Pictures are to be left out, and the rest of the records reproduced exactly.

**GIVEN RECORDS**
__________________________________________________

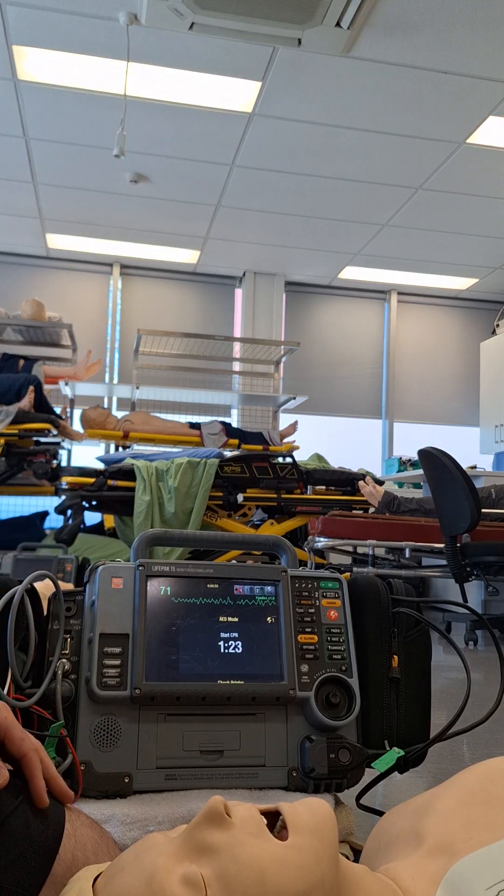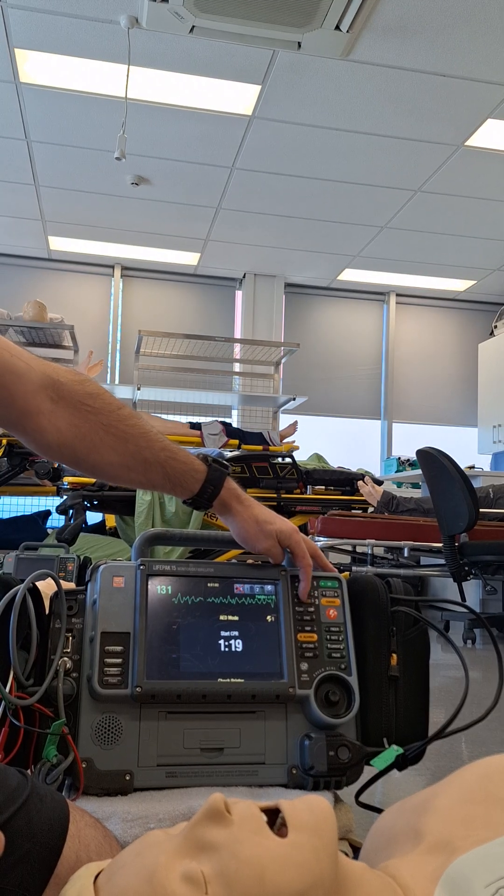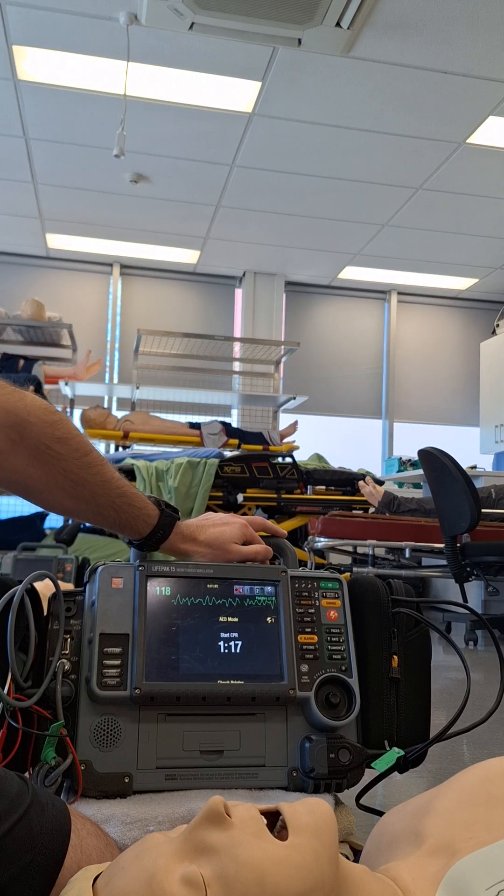And at the end of this cycle, the monitor is going to prompt us to push that Analyze button again. So there's a manual input required, which is a little bit different from the Zoll.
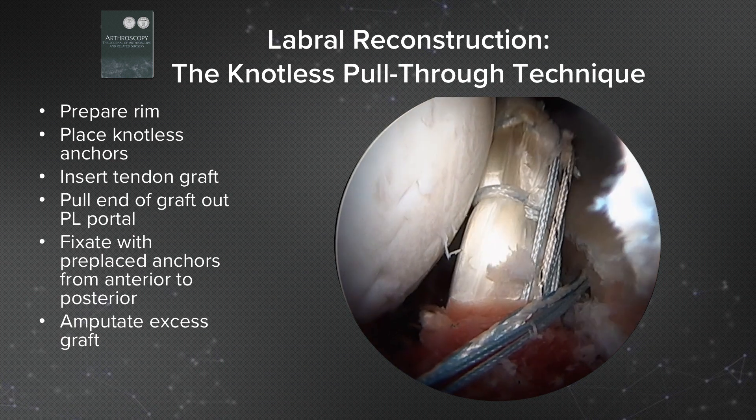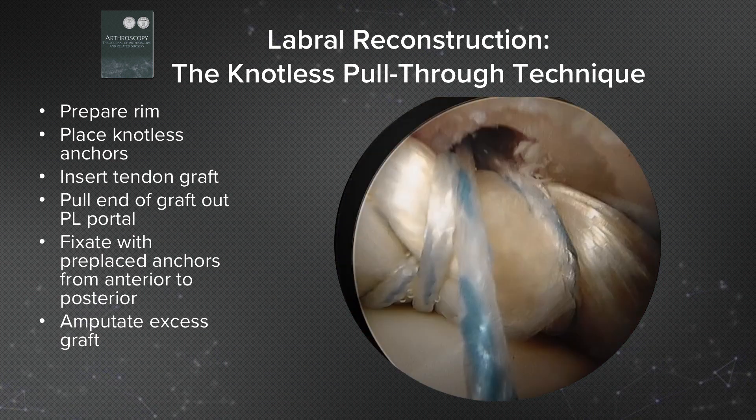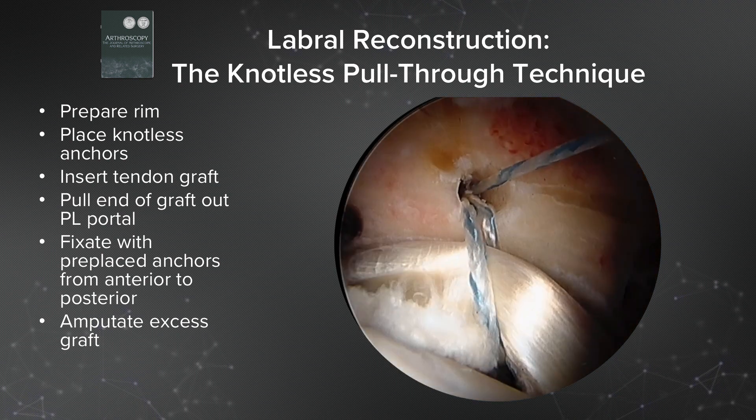Next, we shuttle the tendon graft into the joint. In this case, this is a tibialis anterior graft.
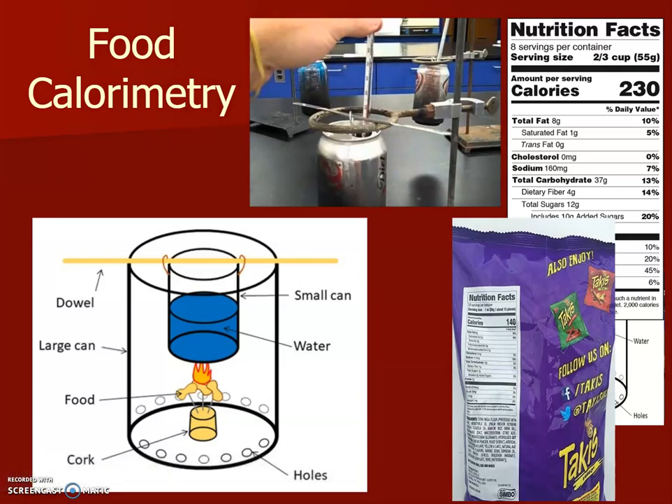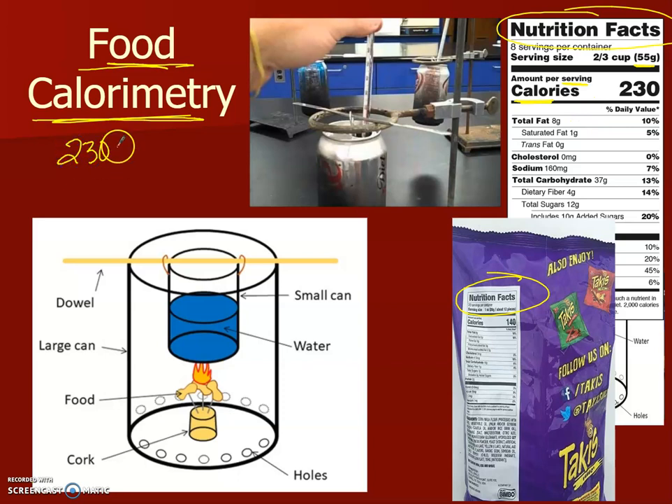In this last video, we are going to figure out how they determine how much energy is on our nutrition label — our nutrition facts. They always have to report how many calories per serving size, and what the serving size is going to be. For example, this label shows 230 kilocalories per 55 grams, so you divide that out to get kilocalories per gram.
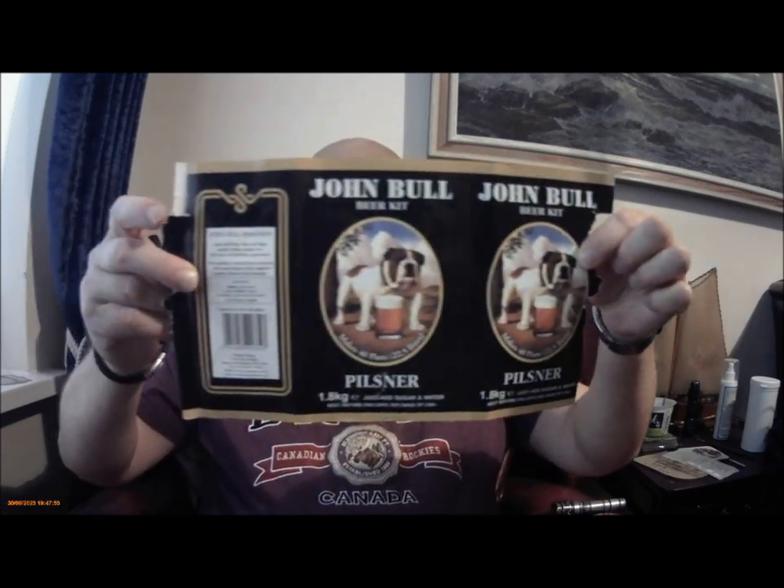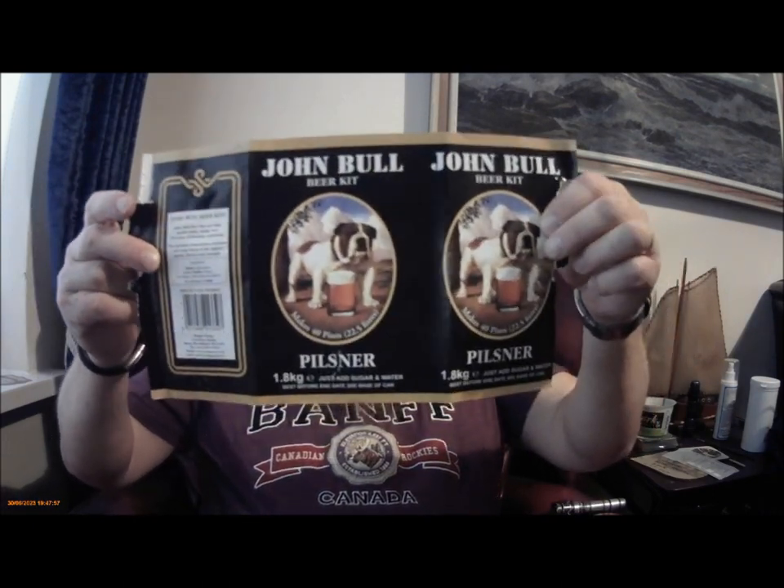Hey everybody, here we are again, and it's a John Bull Pilsner. So it's a 1.8 kilo kit — there's the label — 1.8 kilo of malt, pre-hopped malt extract, just add sugar and water.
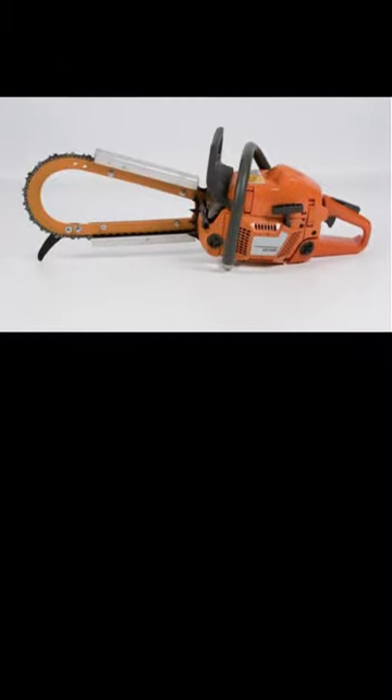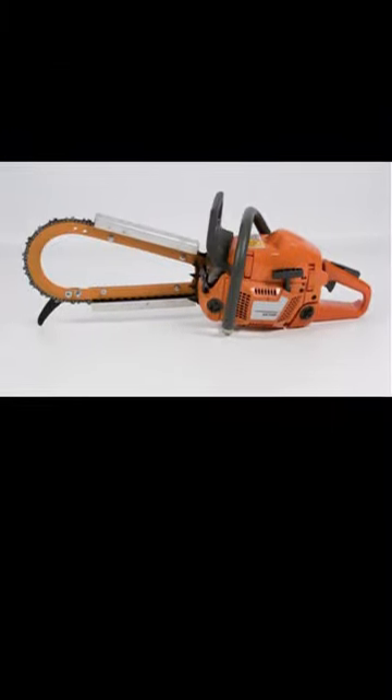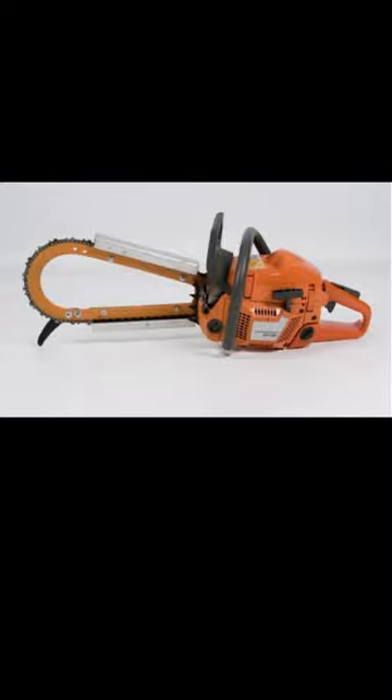In today's Tim's Tips episode, we're going to be discussing the difference between a top handle, a rear handle, and a bow guide. A lot of people have never even seen or heard of a bow bar or a bow guide that went on larger saws back years ago. I find very few arborists as well as loggers today that have ever used one or seen one. But there's something very, very similar in a top handle saw and a bow guide.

__________________________________________________

**YOUR RESPONSE**
And at the end of this cycle, the monitor is going to prompt us to push that Analyze button again. So there's a manual input required, which is a little bit different from the Zoll.
Next, we shuttle the tendon graft into the joint. In this case, this is a tibialis anterior graft.
In this last video, we are going to figure out how they determine how much energy is on our nutrition label — our nutrition facts. They always have to report how many calories per serving size, and what the serving size is going to be. For example, this label shows 230 kilocalories per 55 grams, so you divide that out to get kilocalories per gram.
Hey everybody, here we are again, and it's a John Bull Pilsner. So it's a 1.8 kilo kit — there's the label — 1.8 kilo of malt, pre-hopped malt extract, just add sugar and water.
In today's Tim's Tips episode, we're going to be discussing the difference between a top handle, a rear handle, and a bow guide. A lot of people have never even seen or heard of a bow bar or a bow guide that went on larger saws back years ago. I find very few arborists as well as loggers today that have ever used one or seen one. But there's something very, very similar in a top handle saw and a bow guide.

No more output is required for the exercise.